Sekolah menengah tidak membuatku takut. Oh memang, bentangan koridor tak berujung dan ratusan ruang kelasnya membingungkan, tapi aku menghadapinya dengan penuh semangat memulai sebuah petualangan baru. Tahun pertamaku penuh kemunngkinan dan orang baru. Dengan kelas sebesar dua ribu siswa baru, aku tak mungkin salah. Jadi aku masih punya kepolosan seorang bocah yang disembunyikan di balik mascara da lipstick, berangkat untuk menemui mereka semua.
Dalam pelajaran Bahasa Spanyol 1, aku berkenalan dengan Rion. Menurut definisi murid-murid, ia tergolong aneh. Jins hitam, kaus Metallica yang sudah usang, rantai dompet, dan atribut lainnya. Tapi kepribadiannya yang unik dan masalah keluarganya membuatku tertarik kepadanya. Bukan naksir, tapi lebih bersifat rasa ingin tahu. Ia menyenangkan diajak bicara, dan jika sesi bisik-bisik kami di kelas terhenti, berjam-jam pembicaraan di telpon akan meneruskannya.
Pada salah satu pembicaraan malam kami, “itu”, istilah yang kami pakai untuk sebuah insiden, terbongkar. Kami sedang membicarakan tinggi spektakuler poni Bu Canaple yang berlebihan ketika aku mendengar ayah Rion berteriak di latar belakang.
“Tunggu sebentar,” gumam Rion sebelum aku sempat bertanya. Aku tahu ia sedang mencoba menutupi corong telepon, tapi gema teriakan-teriakan mengerikan di kamarnya masih terdengar. Lalu saluran telepon mati.

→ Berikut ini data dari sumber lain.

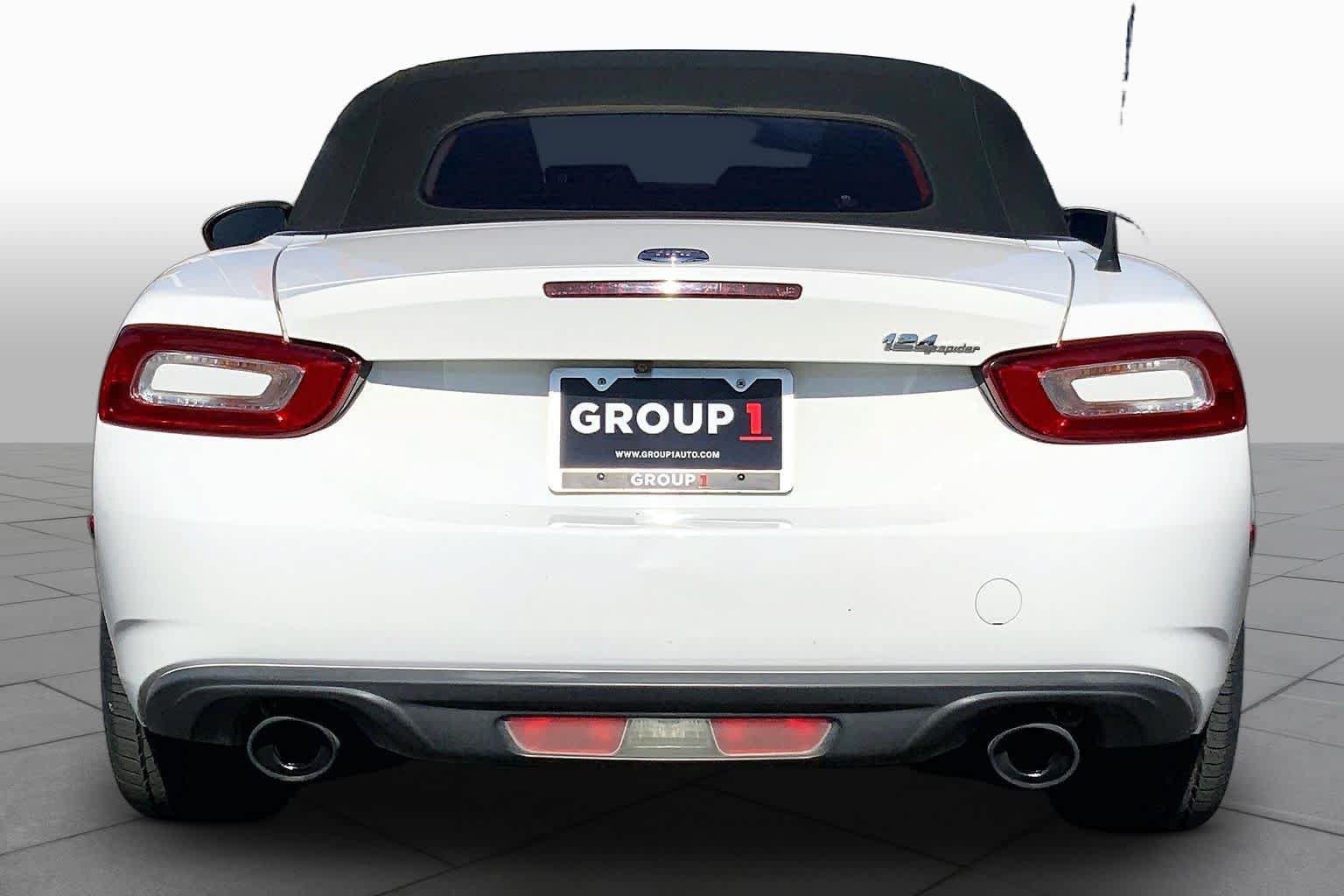 Used 2018 FIAT 124 Spider Classica w/ Technology Group RWD image 5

Dengan tubuh gemetar, aku mendengarkan nada datar telepon selama semenit sebelum perlahan meletakkan gagangnya, terlalu takut untuk menelepon kembali, takut mendengar sesuatu yang tidak ingin aku dengar. Aku besar dalam keluarga yang ideal: ibu dan ayah dan seorang kakak perempuan sebagai teladan. Situasi semacam itu mengejutkanku dan aku merasa bingung dan tak berdaya. Beberapa jam yang menegangkan kemudian, setelah ayahnya tidur, Rion meneleponku untuk minta maaf. Ia mengatakan ayahnya mendapat surat dari mantan istrinya, ibu Rion, yang berisi penolakan membayar tunjangan anak. Karena tidak ada kambing hitam yang lain, ia memasuki kamar Rion dengan penuh kemurkaan.

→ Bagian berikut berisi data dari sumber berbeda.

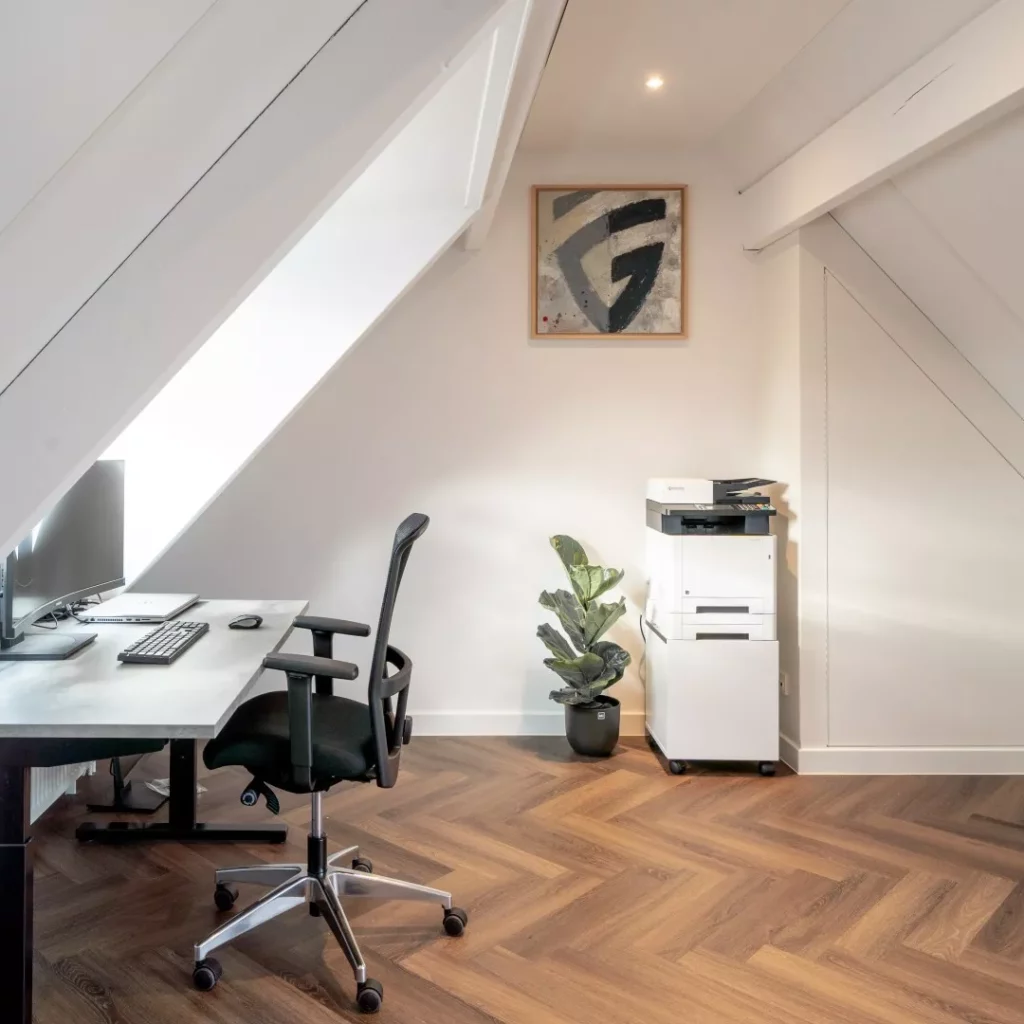 Kantoorinrichting Geldhuys door DBKC ICT & Kantoor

“Aku sudah tidak tahan lagi begini terus. Semua pertengkaran ini…terus terjadi…” Suaranya jadi pelan, hilang terbawa ingatannya yang menyakitkan. “Yang perlu kulakukan sekarang hanyalah menarik picu pistol, dan semuanya akan berakhir.”

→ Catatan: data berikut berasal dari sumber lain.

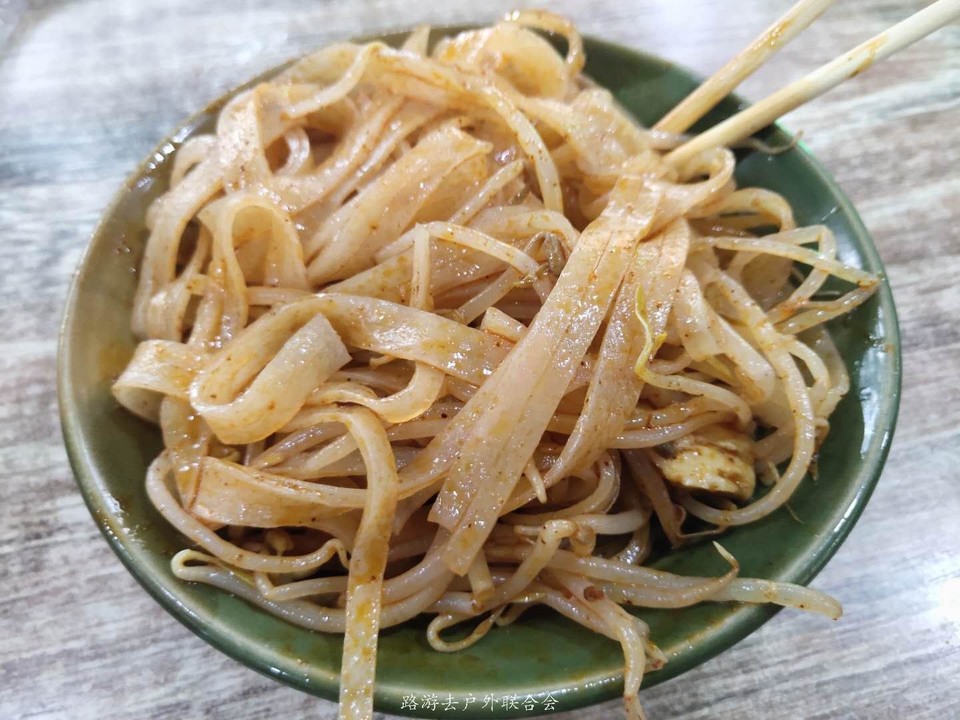 -F3dXXQhUEbhGYT7k9OGagsWwhjhbu_dBqTMdXAv-jv673ayxj0T9ceGgKyr0QzA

“Jangan!” teriakku, “Jangan berbicara seperti itu! Kau tahu hidupmu sangat berharga.” Lalu aku mendengar tawa kecil yang dipaksakan.
“Yeah, benar.” Kata Rion memutuskan sambungan. Kami berjanji akan langsung tidur setelah ini.
Namun aku tidak bisa tidur. Aku begitu khawatir dan aku merasa hanya aku lah satu-satunya harapan Rion. Ia sudah berulang kembali mengatakan padaku bahwa sulit baginya untuk membuka diri kepada siapapun selain diriku. Bagaimana mungkin ada orang yang tidak ingin hidup? Aku bahkan bisa membuat daftar mengapa aku bahagia bisa bangun pagi hari. Dengan panic aku mencari cara meyakinkan Rion terhadap hal ini. lalu bola lampu di kepalaku menyala. Aku mengambil selembar kertas note dan member judul, “Mengapa Rion Harus Hidup?” Di bagian bawahnya, aku mulai mendaftarkan semua alasan alasan yang terpikir olehku tentang mngapa seseorang harus tetap hidup. Pada tengah malam, aku telah menuliskan lima puluh tujuh alasan mengapa Rion harus hidup. 10 terakhirnya adalah sebagai berikut:
(48) Tanah sedalam 2 meter cukup berat,
(49) Di kuburan tidak ada Metallica,
(50) Kawat gigi tidak bisa diuraikan di tanah,
(51) Tuhan mencintaimu,
(52) Percaya atau tidak, ayahmu mencintaimu,
(53) Pelajaran Bahasa Spanyol 1 akan sangat membosankan
(54) Tiga kata: Surat Izin Mengemudi
(55) Kau tidak akan suka bergaul dengan setan selamanya
(56) Bagaimana mungkin kamu bisa hidup tanpa Twinkies?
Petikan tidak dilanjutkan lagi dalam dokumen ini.